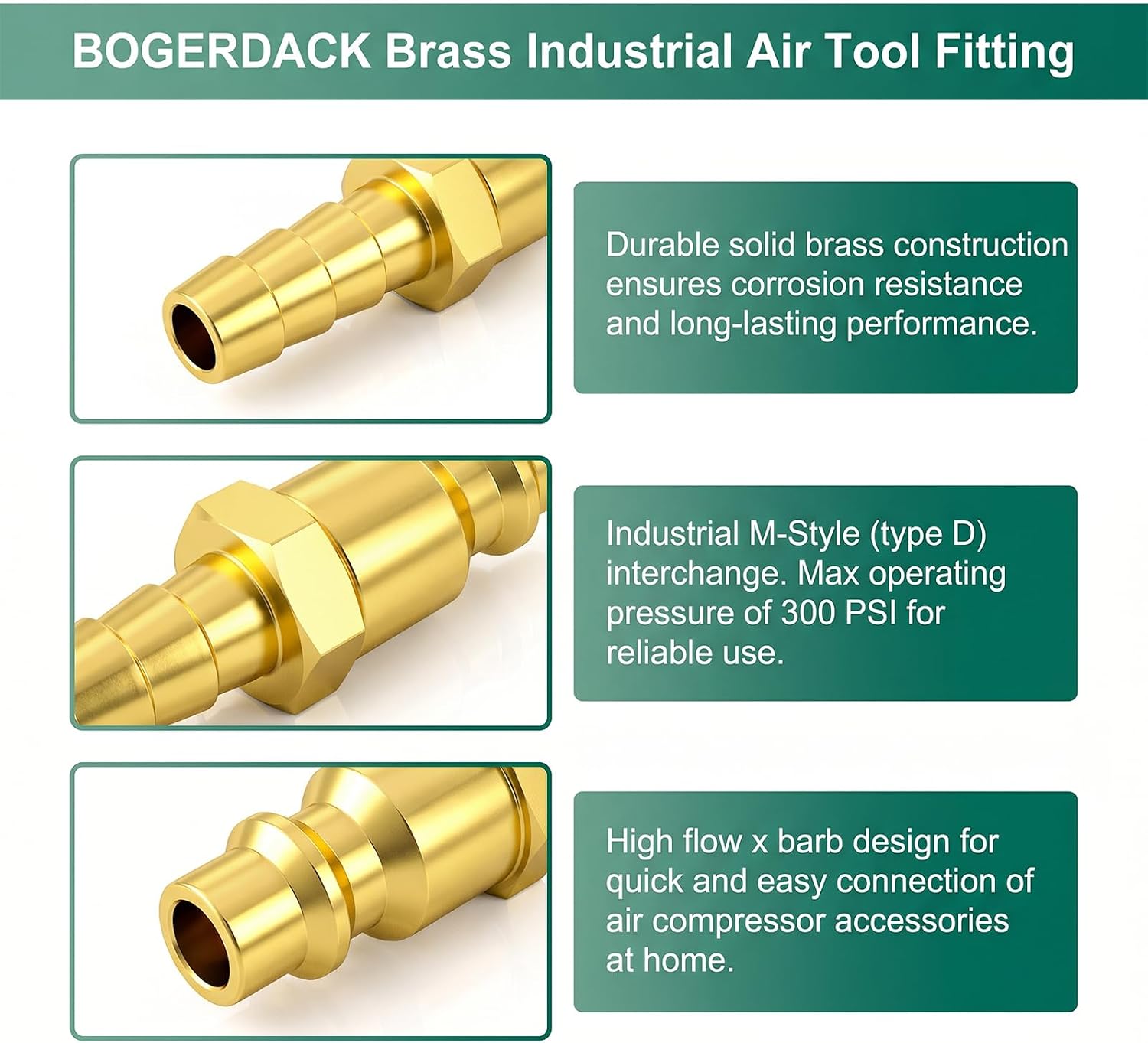 6PCS Brass Quick Connect Air Hose Fittings, 1/4" Barb x 1/4" Flow Air Plug, M/D, with Hose Clamp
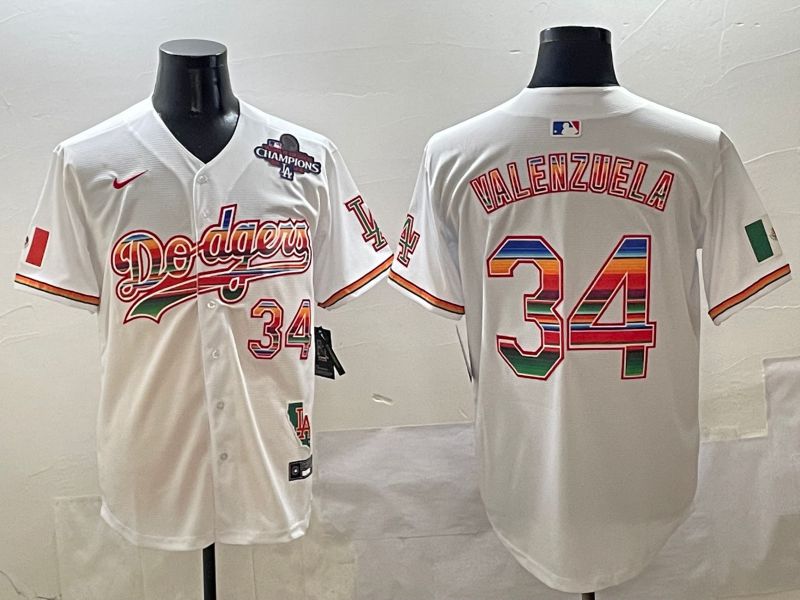 Men Los Angeles Dodgers 34 Valenzuela White Game Nike 2025 MLB Jersey style 4251
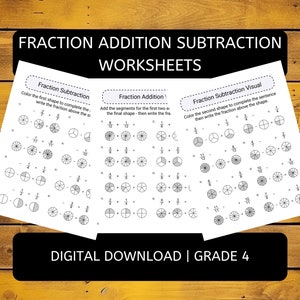 May include: Three black and white worksheets for fraction addition and subtraction. Each worksheet features a series of circles divided into segments, with instructions to colour in the segments to solve the problems.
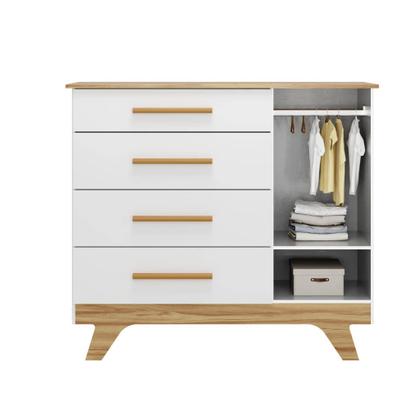 Imagem de Quarto Bebe Berço e Cômoda Moveis Peroba Retro MDF LS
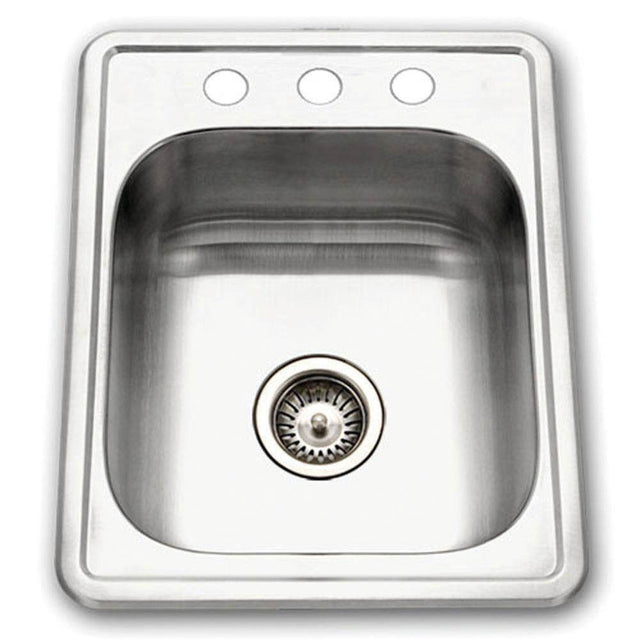 Hamat - Revive 17'' ADA Topmount Stainless Steel 3-hole Bar/Prep Sink - Stainless Steel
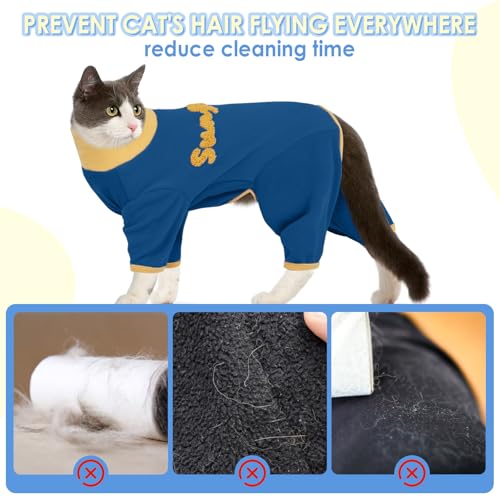 DENTRUN Cat Cloth with Leg, Elastic Cat Turtleneck Hair Sticky Onesie, Warm Cats Coat Jumper Female Male Prevent Hair Spreading, Park (Blue, XL) - Image 6
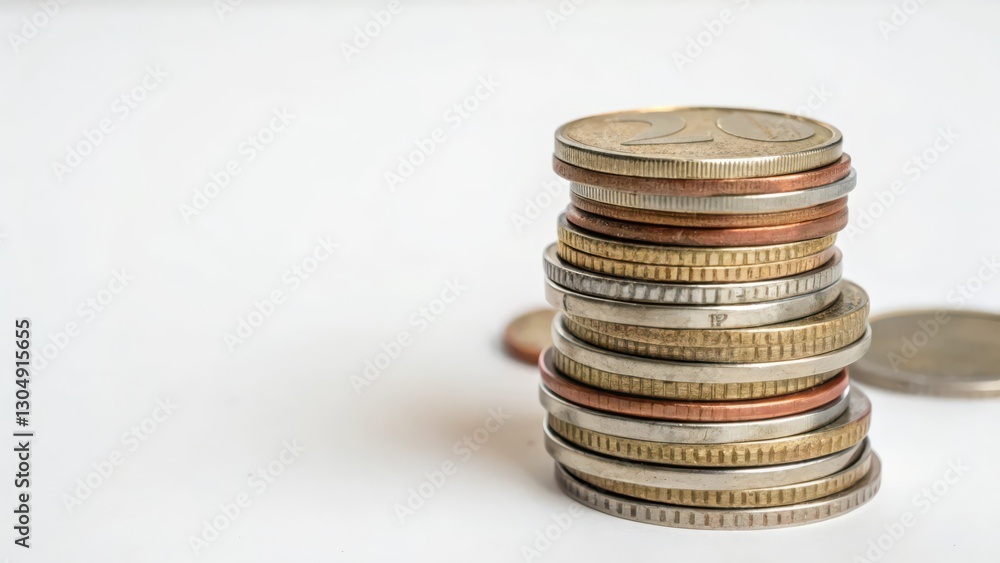 Stack of Coins on White Background Stack of Coins on White Background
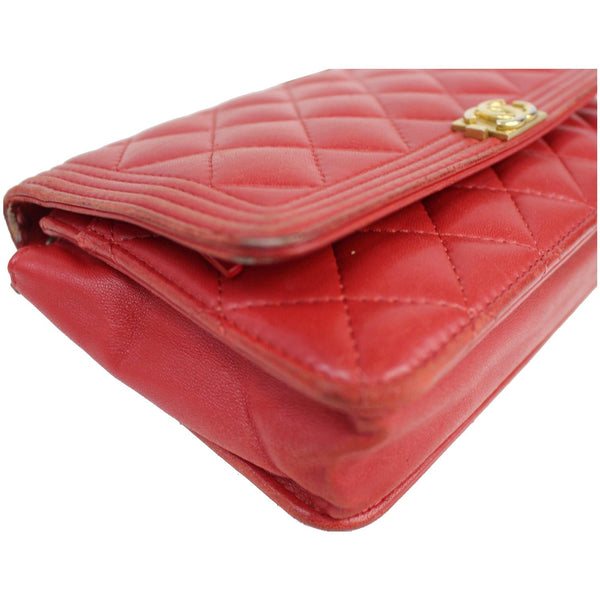 CHANEL Boy Woc Lambskin Leather Wallet On Chain Clutch Bag Red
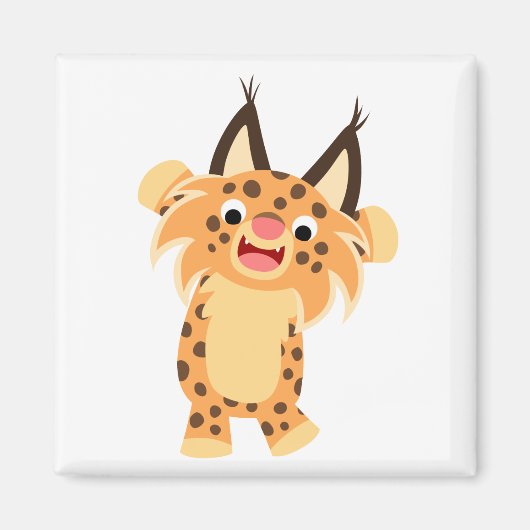 Cute Spunky Cartoon Bobcat Magnet (Voorkant)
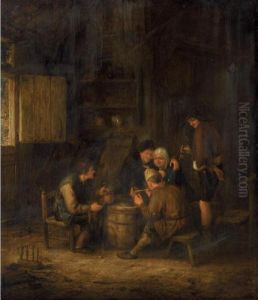 An Interior With Peasants Huddled Around A Cask, Smoking And Drinking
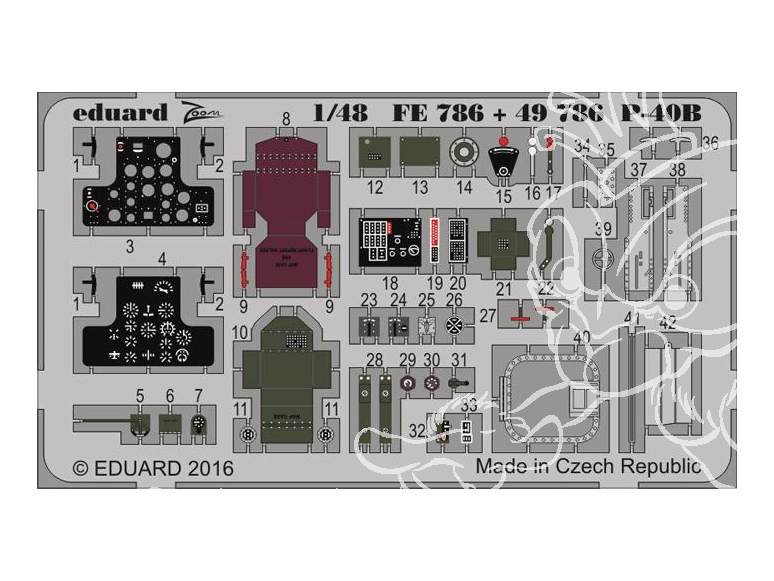 EDUARD photodecoupe avion 49786 P-40B Airfix 1/48
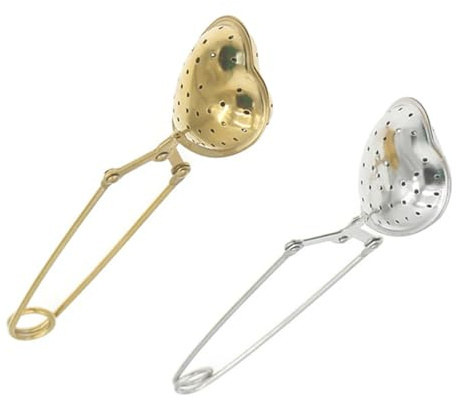Angoily Lot de 2 passoires à thé en acier inoxydable avec poignée, filtre boule en forme de cœur, réutilisable, compatible thé en vrac, argenté et doré, accessoire pour infusion maison et bureau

## Aim of the exercise:
Copy the listing in full and without alteration, omitting every picture.

## Response for this exercise:
 6PCS Brass Quick Connect Air Hose Fittings, 1/4" Barb x 1/4" Flow Air Plug, M/D, with Hose Clamp
 Men Los Angeles Dodgers 34 Valenzuela White Game Nike 2025 MLB Jersey style 4251
 May include: Three black and white worksheets for fraction addition and subtraction. Each worksheet features a series of circles divided into segments, with instructions to colour in the segments to solve the problems.
 Imagem de Quarto Bebe Berço e Cômoda Moveis Peroba Retro MDF LS
 Hamat - Revive 17'' ADA Topmount Stainless Steel 3-hole Bar/Prep Sink - Stainless Steel
 DENTRUN Cat Cloth with Leg, Elastic Cat Turtleneck Hair Sticky Onesie, Warm Cats Coat Jumper Female Male Prevent Hair Spreading, Park (Blue, XL) - Image 6
 Stack of Coins on White Background Stack of Coins on White Background
 CHANEL Boy Woc Lambskin Leather Wallet On Chain Clutch Bag Red
 Cute Spunky Cartoon Bobcat Magnet (Voorkant)
 An Interior With Peasants Huddled Around A Cask, Smoking And Drinking
 EDUARD photodecoupe avion 49786 P-40B Airfix 1/48
Angoily Lot de 2 passoires à thé en acier inoxydable avec poignée, filtre boule en forme de cœur, réutilisable, compatible thé en vrac, argenté et doré, accessoire pour infusion maison et bureau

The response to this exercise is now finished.